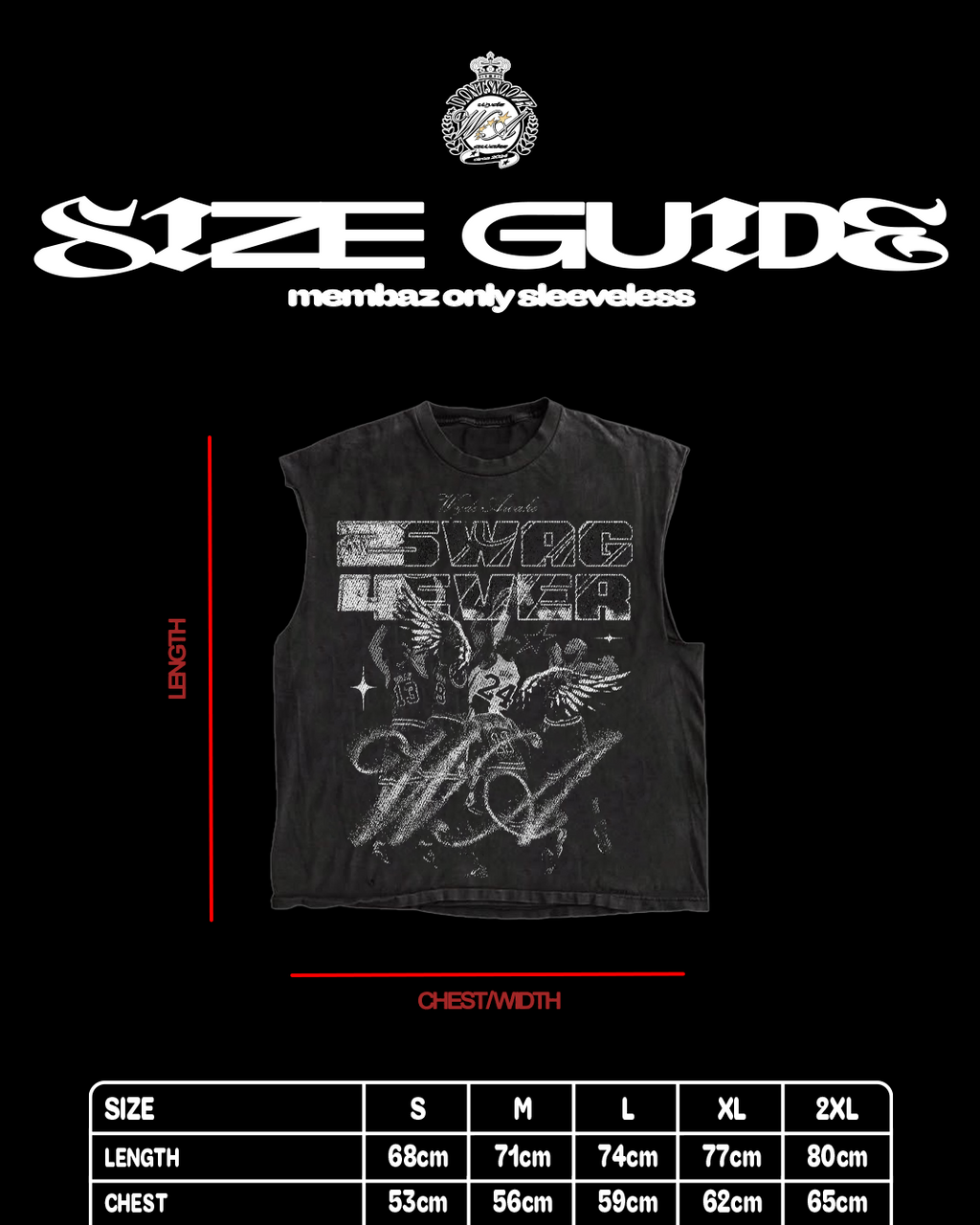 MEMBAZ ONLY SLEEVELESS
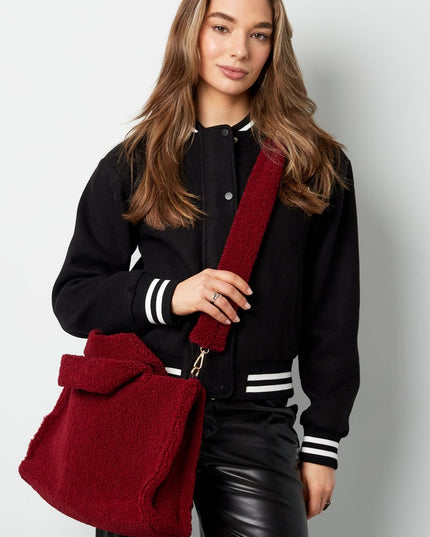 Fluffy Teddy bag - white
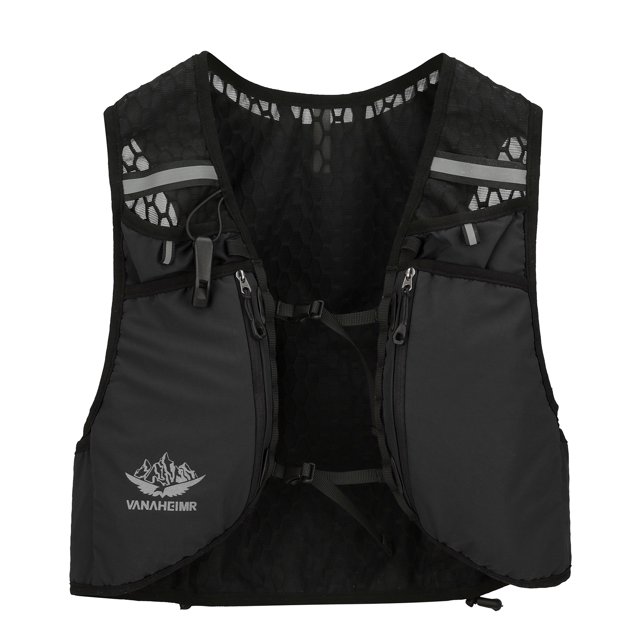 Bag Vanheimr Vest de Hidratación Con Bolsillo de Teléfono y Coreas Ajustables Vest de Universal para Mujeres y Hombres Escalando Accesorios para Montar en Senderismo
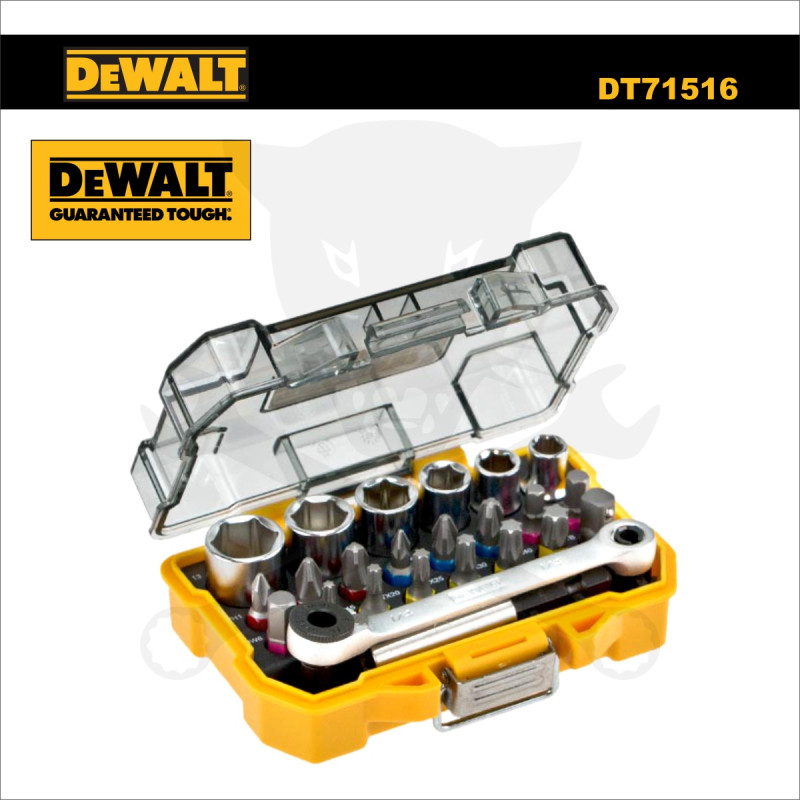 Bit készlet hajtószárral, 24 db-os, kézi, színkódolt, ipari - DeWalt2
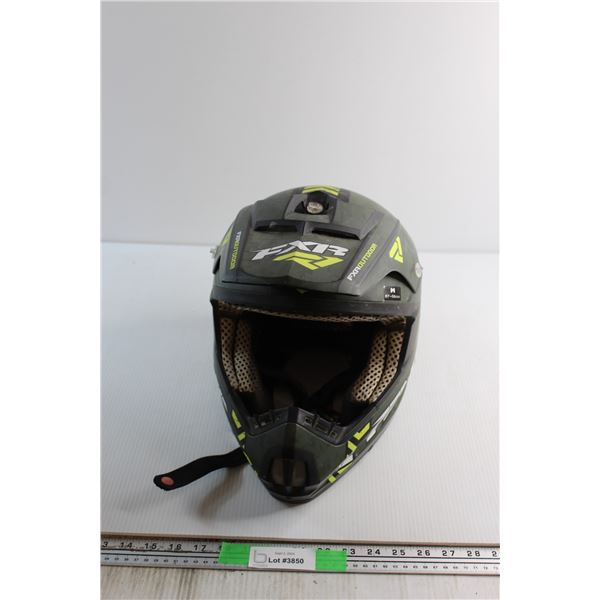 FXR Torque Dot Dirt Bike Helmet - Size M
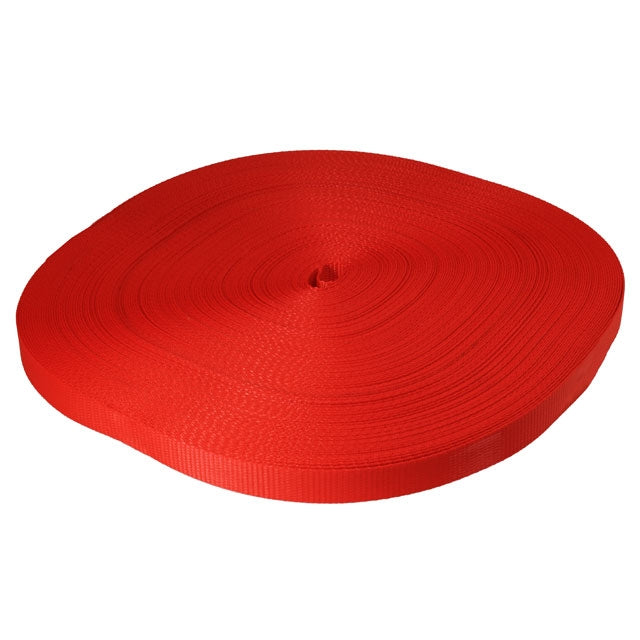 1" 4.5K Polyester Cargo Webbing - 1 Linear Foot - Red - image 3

##############################

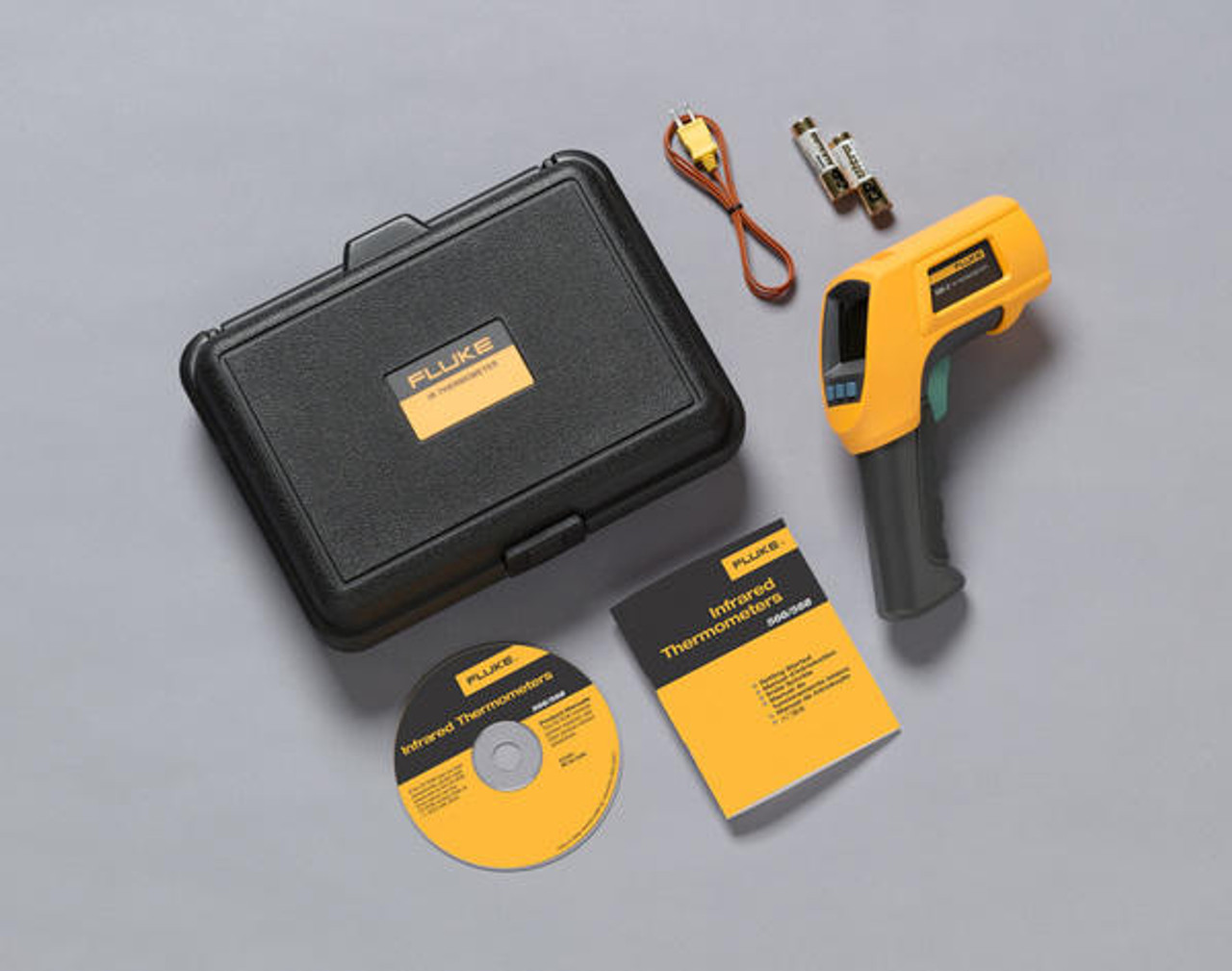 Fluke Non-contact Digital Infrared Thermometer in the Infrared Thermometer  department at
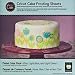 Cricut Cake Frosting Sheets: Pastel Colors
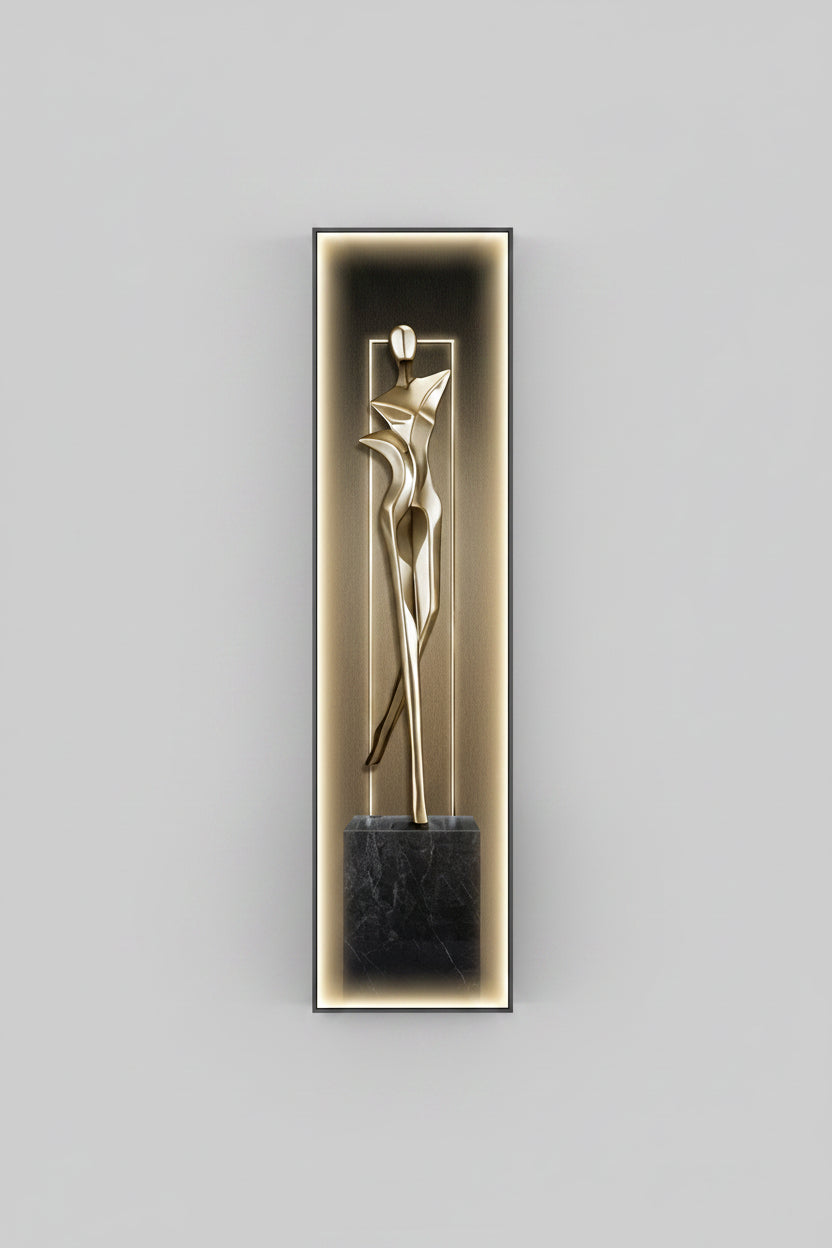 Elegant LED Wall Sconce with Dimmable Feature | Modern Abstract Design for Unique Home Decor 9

##############################

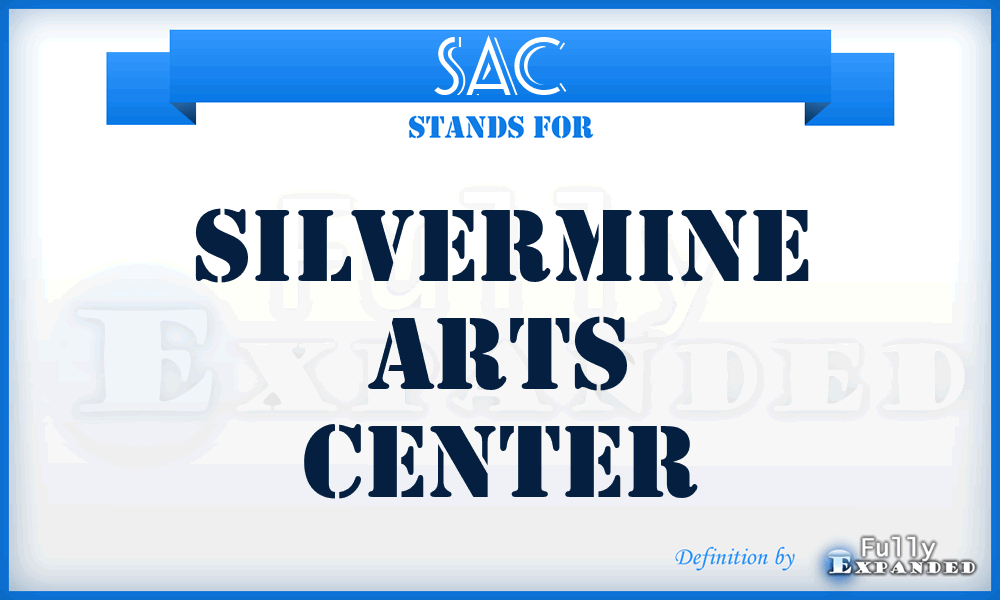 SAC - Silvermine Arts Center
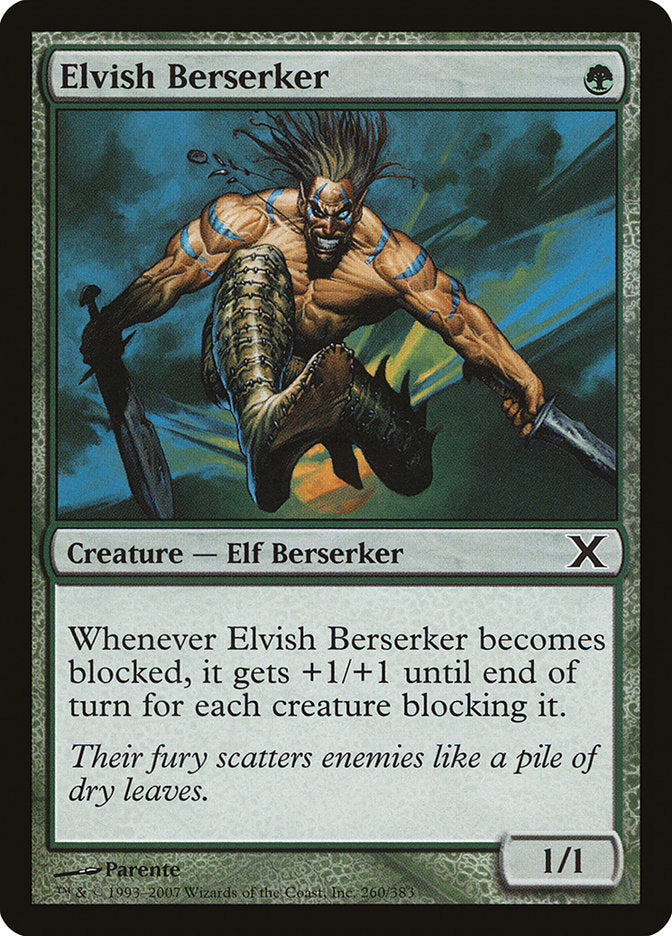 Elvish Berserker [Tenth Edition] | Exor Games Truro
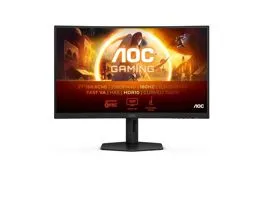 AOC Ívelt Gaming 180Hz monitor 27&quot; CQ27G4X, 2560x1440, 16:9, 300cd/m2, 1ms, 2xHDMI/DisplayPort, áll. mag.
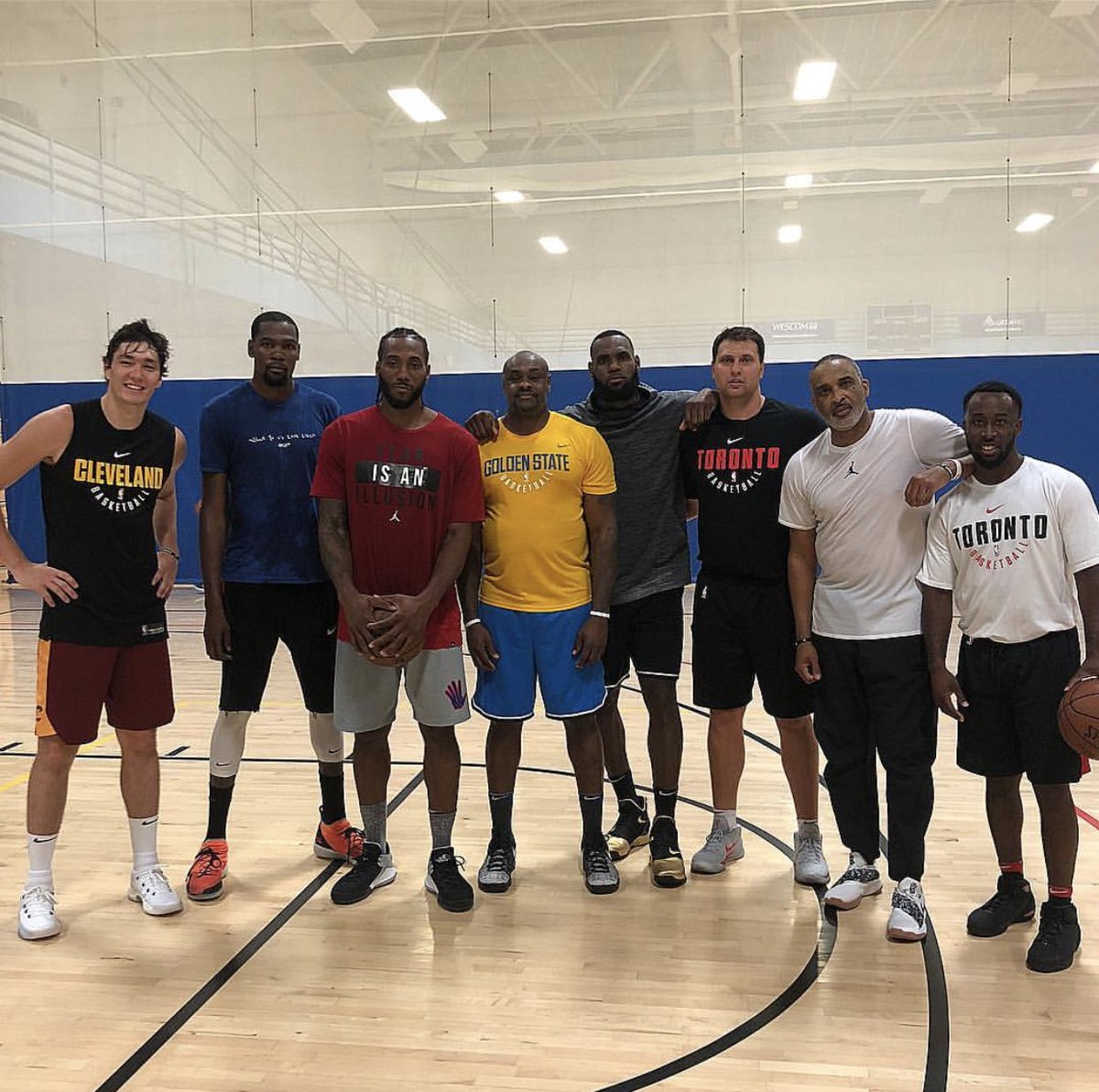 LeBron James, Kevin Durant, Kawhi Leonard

##############################

■ **What the exercise asks**
Once the line with "MEMBAZ ONLY SLEEVELESS" is found above, print it and every line after it through the line with "Red - image 3", exactly. Pictures stay out.

■ **Output of the exercise**
 MEMBAZ ONLY SLEEVELESS
 Fluffy Teddy bag - white
 Bag Vanheimr Vest de Hidratación Con Bolsillo de Teléfono y Coreas Ajustables Vest de Universal para Mujeres y Hombres Escalando Accesorios para Montar en Senderismo
 Bit készlet hajtószárral, 24 db-os, kézi, színkódolt, ipari - DeWalt2
 FXR Torque Dot Dirt Bike Helmet - Size M
 1" 4.5K Polyester Cargo Webbing - 1 Linear Foot - Red - image 3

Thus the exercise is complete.